Exercise details:
Go through the data below and copy each line where the word "Plus" occurs.

[Excerpts from a dataset]
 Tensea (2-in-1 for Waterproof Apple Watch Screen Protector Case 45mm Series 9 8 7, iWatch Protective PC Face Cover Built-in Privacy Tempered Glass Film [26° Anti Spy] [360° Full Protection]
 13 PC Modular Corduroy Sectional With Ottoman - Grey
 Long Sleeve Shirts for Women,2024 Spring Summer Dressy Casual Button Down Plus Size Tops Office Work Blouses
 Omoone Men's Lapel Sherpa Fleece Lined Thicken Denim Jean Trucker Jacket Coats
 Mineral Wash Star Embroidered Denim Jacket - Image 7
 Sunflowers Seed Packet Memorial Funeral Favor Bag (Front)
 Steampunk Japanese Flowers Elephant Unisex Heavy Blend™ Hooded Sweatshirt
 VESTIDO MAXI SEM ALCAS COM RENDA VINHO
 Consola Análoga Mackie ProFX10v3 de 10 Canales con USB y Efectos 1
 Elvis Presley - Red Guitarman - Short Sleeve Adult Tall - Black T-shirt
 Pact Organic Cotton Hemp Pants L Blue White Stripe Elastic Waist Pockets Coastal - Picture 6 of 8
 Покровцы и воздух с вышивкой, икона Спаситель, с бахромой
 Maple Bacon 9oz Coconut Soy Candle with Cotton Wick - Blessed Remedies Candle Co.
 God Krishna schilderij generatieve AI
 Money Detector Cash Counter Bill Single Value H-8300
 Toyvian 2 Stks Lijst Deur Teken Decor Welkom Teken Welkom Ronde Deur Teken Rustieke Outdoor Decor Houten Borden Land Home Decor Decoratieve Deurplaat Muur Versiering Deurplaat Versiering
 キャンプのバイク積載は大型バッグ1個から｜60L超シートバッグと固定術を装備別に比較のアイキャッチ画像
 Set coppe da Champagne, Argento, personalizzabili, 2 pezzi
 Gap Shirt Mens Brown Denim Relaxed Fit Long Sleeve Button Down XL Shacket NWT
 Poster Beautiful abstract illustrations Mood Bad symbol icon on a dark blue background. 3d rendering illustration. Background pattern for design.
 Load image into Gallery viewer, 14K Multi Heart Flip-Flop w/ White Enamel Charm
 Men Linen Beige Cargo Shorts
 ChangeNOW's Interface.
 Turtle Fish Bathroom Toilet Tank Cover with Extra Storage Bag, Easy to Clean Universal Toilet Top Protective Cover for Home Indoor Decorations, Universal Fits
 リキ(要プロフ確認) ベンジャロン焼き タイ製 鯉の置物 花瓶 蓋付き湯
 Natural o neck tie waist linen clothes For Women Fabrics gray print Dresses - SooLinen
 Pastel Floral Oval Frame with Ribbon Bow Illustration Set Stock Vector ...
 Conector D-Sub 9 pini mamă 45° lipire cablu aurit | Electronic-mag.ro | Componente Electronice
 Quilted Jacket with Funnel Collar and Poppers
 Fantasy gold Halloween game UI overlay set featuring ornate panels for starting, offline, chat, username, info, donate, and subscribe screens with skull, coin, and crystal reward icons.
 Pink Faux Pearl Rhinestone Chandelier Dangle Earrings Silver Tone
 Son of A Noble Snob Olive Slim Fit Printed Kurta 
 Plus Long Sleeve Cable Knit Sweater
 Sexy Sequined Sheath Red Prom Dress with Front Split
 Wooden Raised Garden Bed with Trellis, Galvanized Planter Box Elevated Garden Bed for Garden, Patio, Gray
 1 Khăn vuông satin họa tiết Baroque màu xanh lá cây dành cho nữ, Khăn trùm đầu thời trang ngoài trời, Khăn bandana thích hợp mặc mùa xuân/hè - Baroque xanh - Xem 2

Answer below:
 Long Sleeve Shirts for Women,2024 Spring Summer Dressy Casual Button Down Plus Size Tops Office Work Blouses
 Plus Long Sleeve Cable Knit Sweater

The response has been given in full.